+++ Given information +++
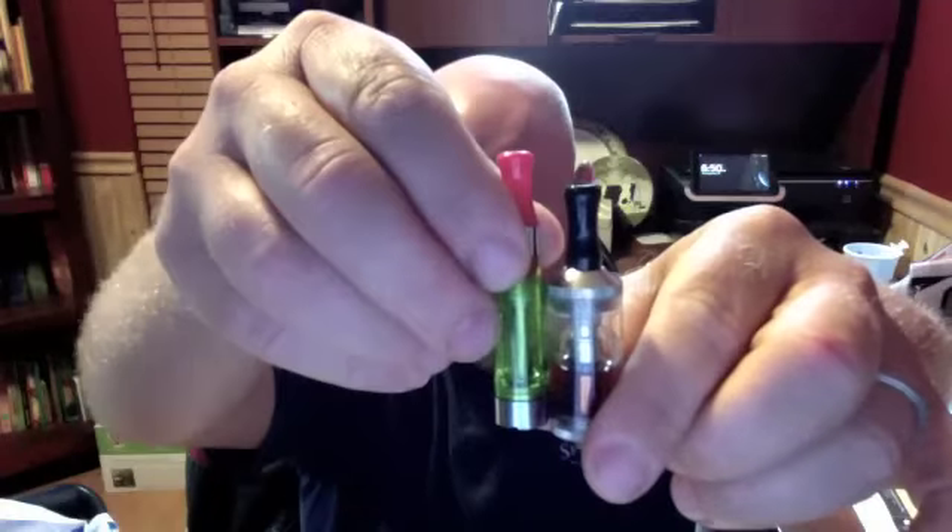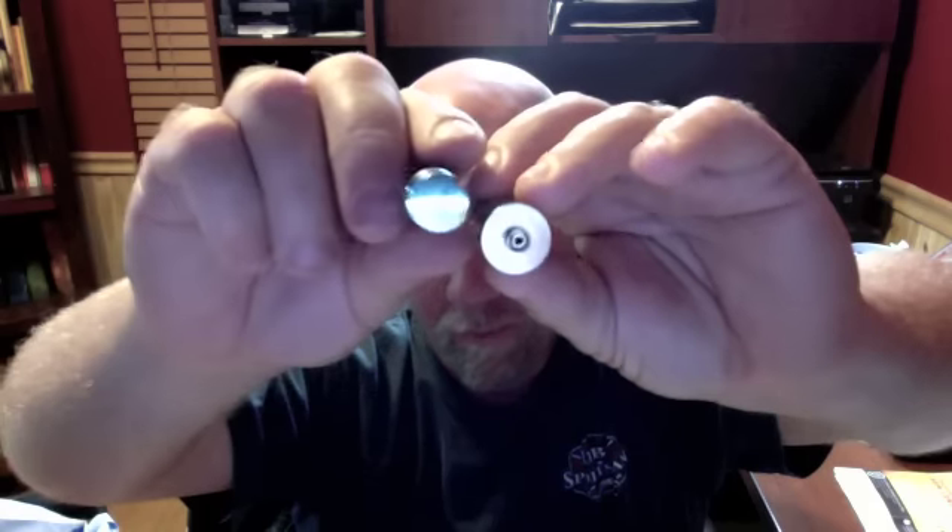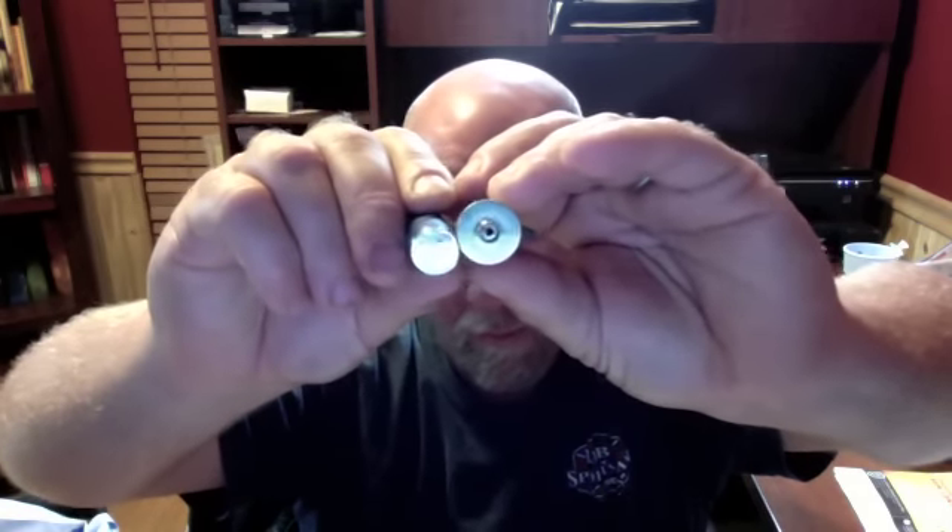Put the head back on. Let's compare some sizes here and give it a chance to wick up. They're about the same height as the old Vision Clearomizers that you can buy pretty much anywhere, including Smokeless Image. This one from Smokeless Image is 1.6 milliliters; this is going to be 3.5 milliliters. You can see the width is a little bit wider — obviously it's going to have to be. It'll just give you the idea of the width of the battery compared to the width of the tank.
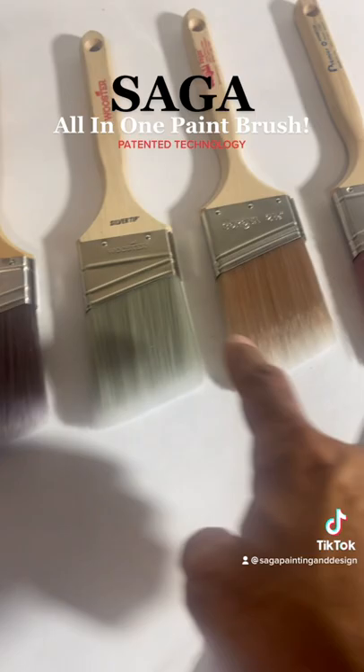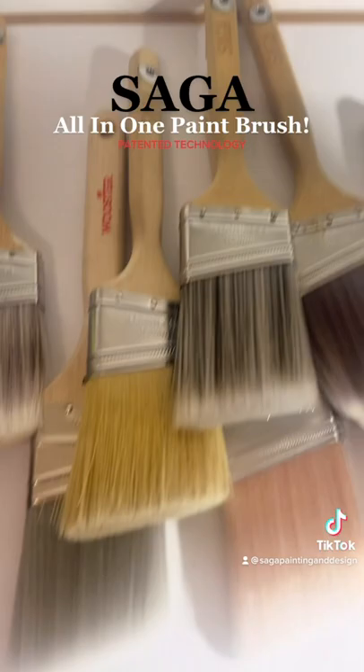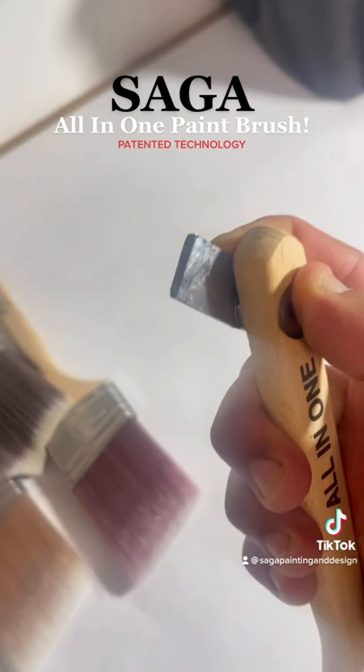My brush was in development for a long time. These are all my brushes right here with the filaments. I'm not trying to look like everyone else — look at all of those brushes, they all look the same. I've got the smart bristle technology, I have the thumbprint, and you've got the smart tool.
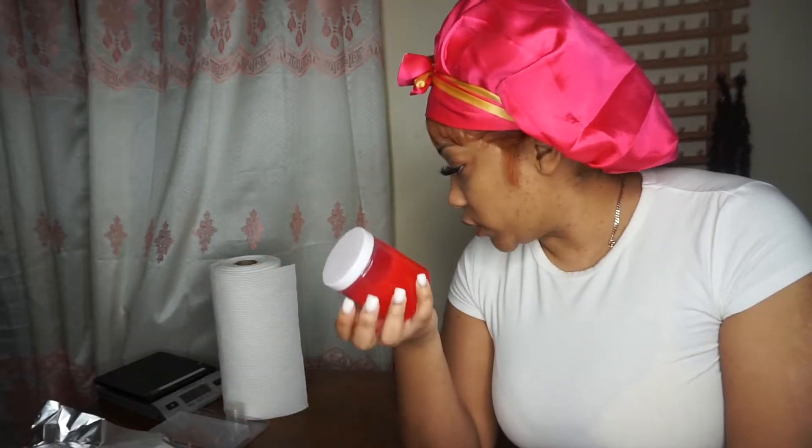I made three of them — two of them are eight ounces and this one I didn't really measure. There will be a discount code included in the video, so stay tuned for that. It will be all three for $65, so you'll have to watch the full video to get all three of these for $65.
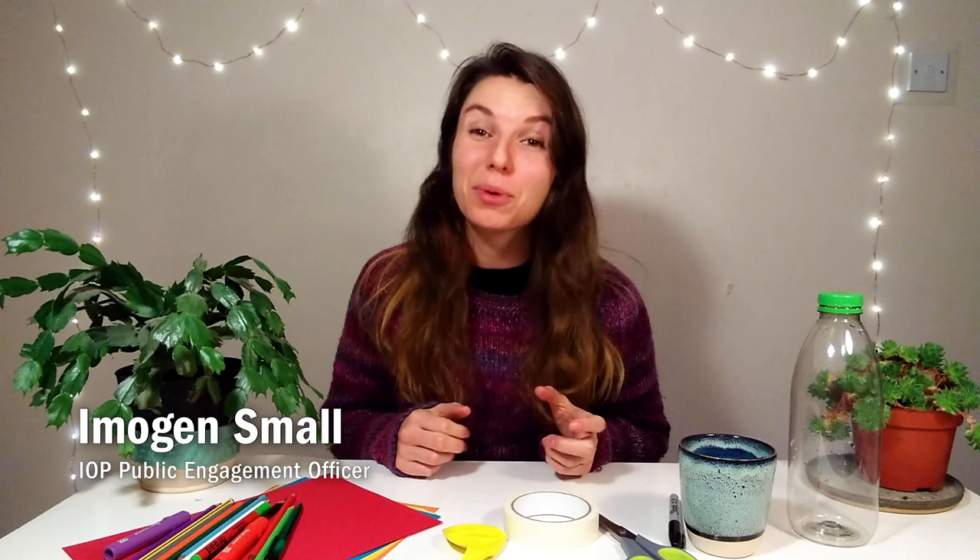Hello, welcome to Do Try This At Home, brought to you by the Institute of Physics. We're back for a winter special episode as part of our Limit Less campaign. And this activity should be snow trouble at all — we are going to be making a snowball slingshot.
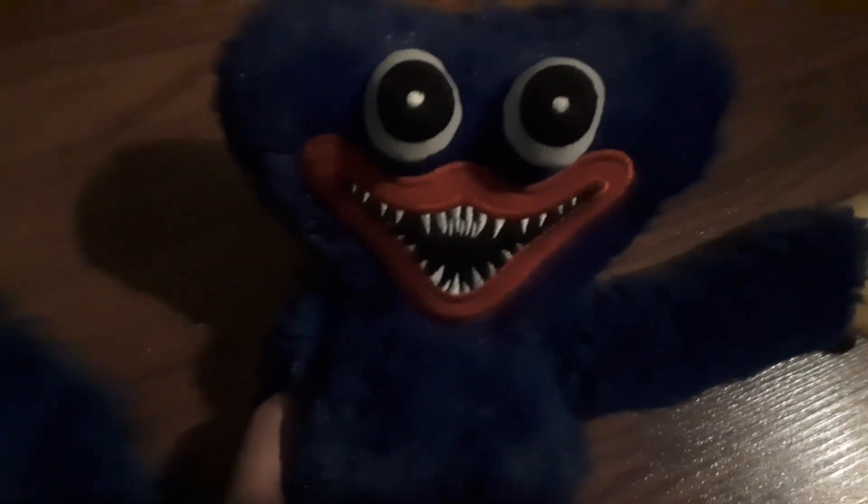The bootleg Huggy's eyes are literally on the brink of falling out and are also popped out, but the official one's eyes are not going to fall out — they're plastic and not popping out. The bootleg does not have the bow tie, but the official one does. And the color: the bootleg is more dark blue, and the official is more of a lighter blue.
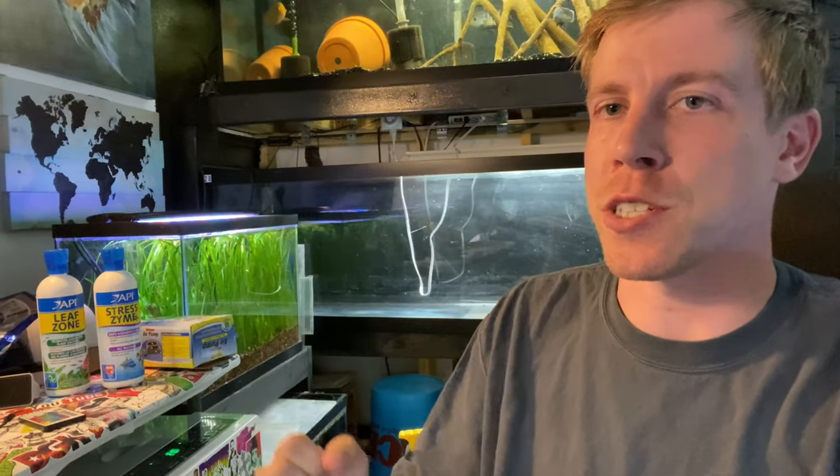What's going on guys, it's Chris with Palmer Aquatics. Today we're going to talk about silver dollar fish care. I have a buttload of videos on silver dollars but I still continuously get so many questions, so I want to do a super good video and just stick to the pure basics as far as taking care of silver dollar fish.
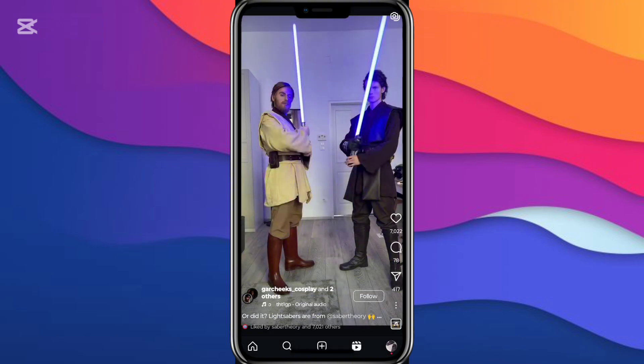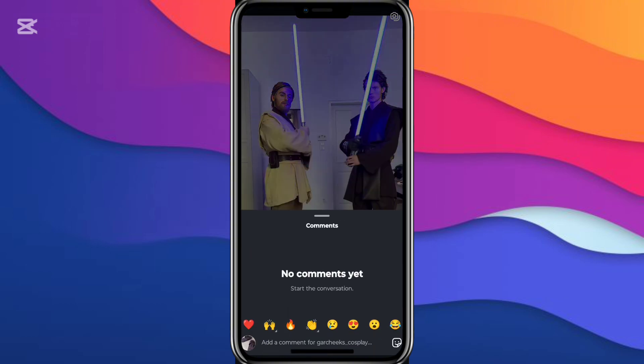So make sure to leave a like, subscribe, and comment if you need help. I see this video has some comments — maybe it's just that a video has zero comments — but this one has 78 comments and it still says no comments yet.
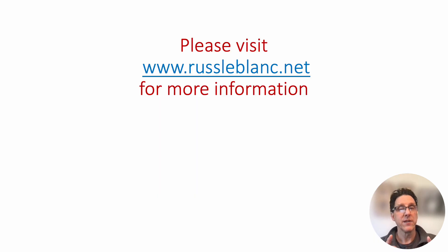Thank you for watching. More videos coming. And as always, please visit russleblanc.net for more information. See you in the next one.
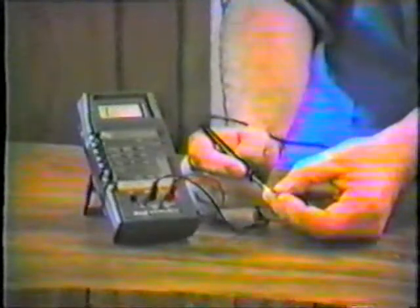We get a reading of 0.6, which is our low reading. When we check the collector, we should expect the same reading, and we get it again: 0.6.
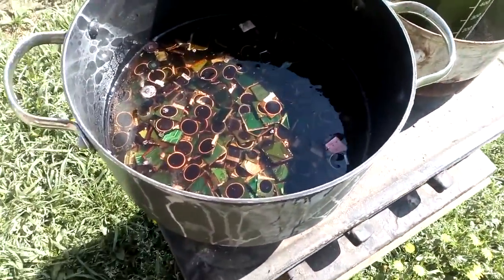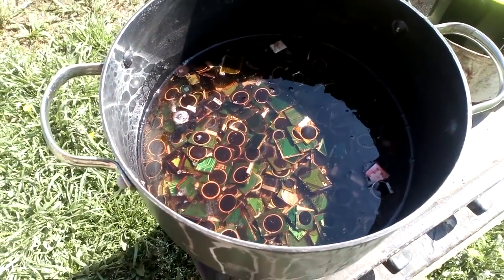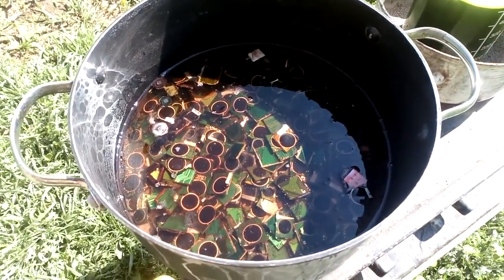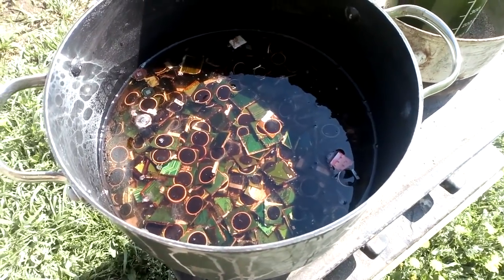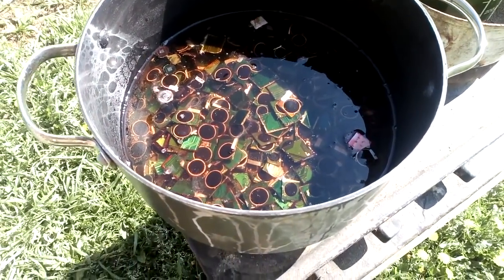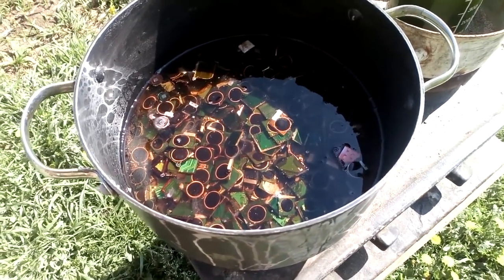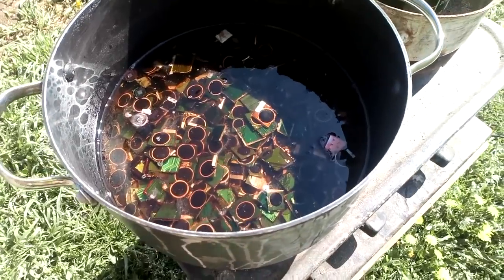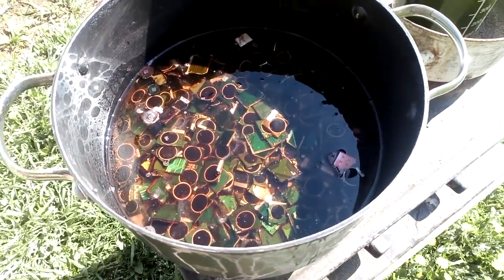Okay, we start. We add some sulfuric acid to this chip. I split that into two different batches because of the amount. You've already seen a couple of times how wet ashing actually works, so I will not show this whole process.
+++
→ Exercise: Give back every record above exactly as written, skipping each picture.

→ Final answer:
Put the head back on. Let's compare some sizes here and give it a chance to wick up. They're about the same height as the old Vision Clearomizers that you can buy pretty much anywhere, including Smokeless Image. This one from Smokeless Image is 1.6 milliliters; this is going to be 3.5 milliliters. You can see the width is a little bit wider — obviously it's going to have to be. It'll just give you the idea of the width of the battery compared to the width of the tank.
My brush was in development for a long time. These are all my brushes right here with the filaments. I'm not trying to look like everyone else — look at all of those brushes, they all look the same. I've got the smart bristle technology, I have the thumbprint, and you've got the smart tool.
I made three of them — two of them are eight ounces and this one I didn't really measure. There will be a discount code included in the video, so stay tuned for that. It will be all three for $65, so you'll have to watch the full video to get all three of these for $65.
Hello, welcome to Do Try This At Home, brought to you by the Institute of Physics. We're back for a winter special episode as part of our Limit Less campaign. And this activity should be snow trouble at all — we are going to be making a snowball slingshot.
The bootleg Huggy's eyes are literally on the brink of falling out and are also popped out, but the official one's eyes are not going to fall out — they're plastic and not popping out. The bootleg does not have the bow tie, but the official one does. And the color: the bootleg is more dark blue, and the official is more of a lighter blue.
What's going on guys, it's Chris with Palmer Aquatics. Today we're going to talk about silver dollar fish care. I have a buttload of videos on silver dollars but I still continuously get so many questions, so I want to do a super good video and just stick to the pure basics as far as taking care of silver dollar fish.
So make sure to leave a like, subscribe, and comment if you need help. I see this video has some comments — maybe it's just that a video has zero comments — but this one has 78 comments and it still says no comments yet.
Thank you for watching. More videos coming. And as always, please visit russleblanc.net for more information. See you in the next one.
We get a reading of 0.6, which is our low reading. When we check the collector, we should expect the same reading, and we get it again: 0.6.
Okay, we start. We add some sulfuric acid to this chip. I split that into two different batches because of the amount. You've already seen a couple of times how wet ashing actually works, so I will not show this whole process.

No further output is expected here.